Com vistas a verificar em que medida, no entendimento dos egressos, os objetivos do PIC Jr foram alcançados, transformamos os mesmos em afirmativas com as quais os respondentes podiam, em uma escala de um a cinco, discordar ou concordar totalmente. Oportunizar novas experiências no processo de ensino-aprendizagem, contribuindo para a formação acadêmica foi o objetivo do Programa que obteve o maior índice de concordância total com o seu alcance (n=58 em 64). Essa ideia está presente no relato a seguir:
A SAE contribuiu demais para a minha formação acadêmica e cidadã. Abriu meu olhar para dentro e fora do espaço museal. Abriu meus ouvidos para as pessoas, ao que elas têm pra contar, e ao que eu tenho para aprender com elas (Homem, ingressante em 2013, estudante de História da Arte).

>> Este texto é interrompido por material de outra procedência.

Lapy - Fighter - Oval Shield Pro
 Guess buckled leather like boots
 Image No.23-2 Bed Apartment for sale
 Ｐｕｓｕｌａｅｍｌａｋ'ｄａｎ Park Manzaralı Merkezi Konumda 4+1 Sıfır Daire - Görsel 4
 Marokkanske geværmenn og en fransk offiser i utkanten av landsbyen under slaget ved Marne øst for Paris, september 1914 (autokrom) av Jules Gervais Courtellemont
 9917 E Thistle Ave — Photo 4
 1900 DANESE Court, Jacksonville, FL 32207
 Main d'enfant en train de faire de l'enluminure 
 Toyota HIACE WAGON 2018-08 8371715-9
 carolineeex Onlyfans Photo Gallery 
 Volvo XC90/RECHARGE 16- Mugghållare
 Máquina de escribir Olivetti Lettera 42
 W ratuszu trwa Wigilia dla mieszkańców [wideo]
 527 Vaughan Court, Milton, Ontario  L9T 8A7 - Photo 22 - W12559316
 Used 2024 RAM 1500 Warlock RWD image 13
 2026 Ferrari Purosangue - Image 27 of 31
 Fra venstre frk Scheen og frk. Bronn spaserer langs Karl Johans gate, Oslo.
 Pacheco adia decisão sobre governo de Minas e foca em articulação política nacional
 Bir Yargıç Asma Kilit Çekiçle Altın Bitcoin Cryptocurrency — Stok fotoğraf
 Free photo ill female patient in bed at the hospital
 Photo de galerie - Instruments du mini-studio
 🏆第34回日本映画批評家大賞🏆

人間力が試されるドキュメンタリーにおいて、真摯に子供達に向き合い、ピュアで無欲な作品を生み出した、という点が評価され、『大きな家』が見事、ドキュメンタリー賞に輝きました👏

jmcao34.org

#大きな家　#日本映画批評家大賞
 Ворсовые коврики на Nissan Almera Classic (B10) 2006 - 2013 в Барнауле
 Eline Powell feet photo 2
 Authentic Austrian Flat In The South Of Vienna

Na sequência, com a total concordância de 54 dos 64 respondentes, está o despertar do interesse pelo desenvolvimento de atividades educativas e culturais (n=54 em 64). Expressão dessa ideia está presente no relato a seguir:
O meu estágio na SAE foi primordial para que eu descobrisse alguns talentos e desenvolvesse um grande interesse em práticas educacionais (Mulher, ingressante em 2015, estudante de Letras).
O terceiro objetivo mais bem avaliado foi permitir a vivência teórico-prática com a vida profissional, tendo a total concordância de 53 dos 64 respondentes. A experiência com o mundo do trabalho se verifica por meio do seguinte relato:
(...) foi fundamental para que eu criasse habilidades de diálogo com o público, trabalho em equipe, elaboração de eventos. Além de disponibilizar leituras e vivências muito importantes para o desenvolvimento do meu pensamento crítico em relação à Ciência, à Cultura e à própria instituição museu de ciência! (Mulher, ingressante em 2016, estudante de Jornalismo).
Verificamos que 41 dos 64 respondentes consideraram que o objetivo possibilitar a vivência de práticas de pesquisa científica no campo da educação museal foi totalmente alcançado. O contato com a prática científica em Educação Museal aparece no relato a seguir:
A SAE me ensinou a ser uma pesquisadora, a analisar dados, organizá-los e apresentar em congressos (Mulher, ingressante em 2012, estudante de Direito).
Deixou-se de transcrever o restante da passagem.